Fluid and deformation induced partial melting and melt escape in low-temperature granulite-facies metasediments, Damara Belt, Namibia.
Thesis (PhD (Earth Sciences))--University of Stellenbosch, 2009.
Fluid-present partial melting has generally been regarded a poor candidate for effecting crustal differentiation. In this study I report on anatectic metasediments from the Pan-African Damara Belt in Namibia that have undergone fluid-present biotite melting at a relatively low temperature, yet appear to have lost a significant volume of melt. In situ anatectic features have been identified on the basis of the existence of new generations of cordierite and/or garnet produced as the solid products of incongruent anatexis within or adjacent to leucosomes, that most commonly occur as lens shaped pods at a high angle to the lineation and formed during extension in a direction parallel to the long axis of the orogeny.

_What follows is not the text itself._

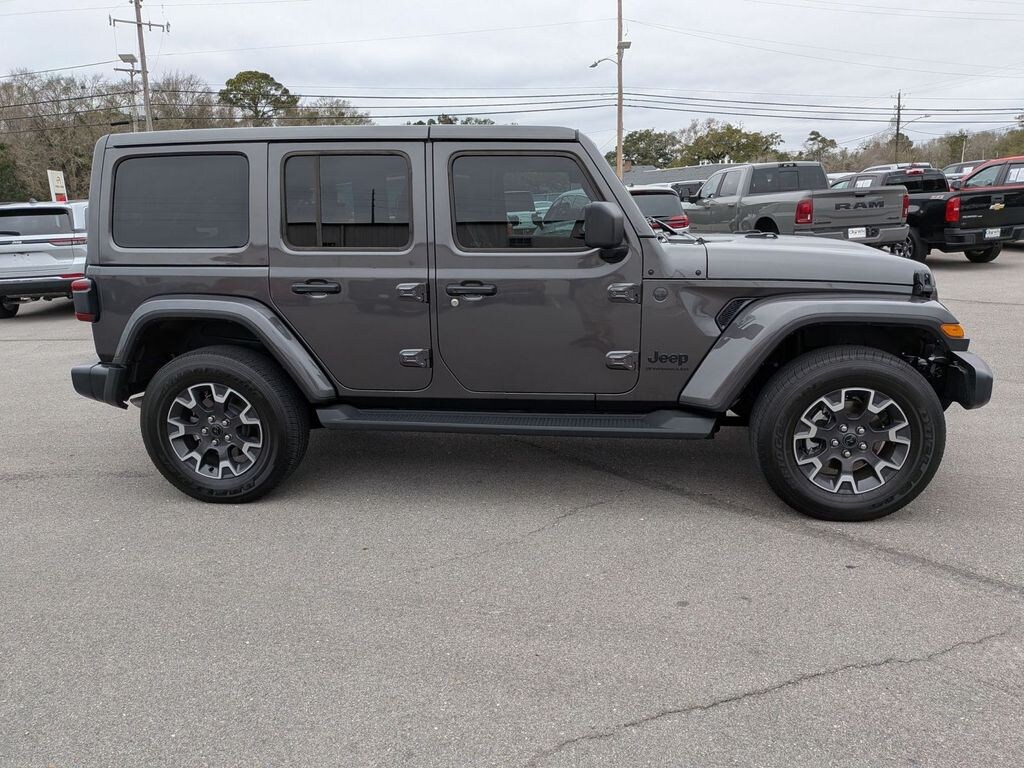 Used 2026 Jeep Wrangler Sahara SUV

Within these sites biotite underwent incongruent melting via the reaction Bt + Qtz + Pl + H2O = Melt + Grt + Crd. Cordierite nucleated on preexisting crystals within the bounding gneiss; garnet nucleated within the fracture sites (leucosomes) and typically occurs as individual, large (50 to 120 mm in diameter) poikiloblastic crystals. Thermobarometry applied to the anatectic assemblage yields low-temperature, granulitefacies peak conditions of 750 °C, 0.5 GPa. This temperature is approximately 100 °C lower than the accepted conditions for the onset of fluid-absent biotite melting. This, coupled to the focussing of anatexis on extensional fractures, suggests that anatexis occurred through waterpresent biotite incongruent melting. In order to better understand this process, both fluid-absent and water present partial melting experiments were conducted within the temperature interval 700 to 900 °C at 0.7 GPa. In the fluid-absent experiments, biotite incongruent melting started between 800 and 850 °C to produce melt coexisting with peritectic garnet and cordierite. In contrast, in water-saturated experiments, biotite melted via the reaction Bt + Pl + Q + H2O = Grt + Crd + Melt, between 700 and 750 °C, to produce melt, cordierite and garnet in the proportions 73:24:3.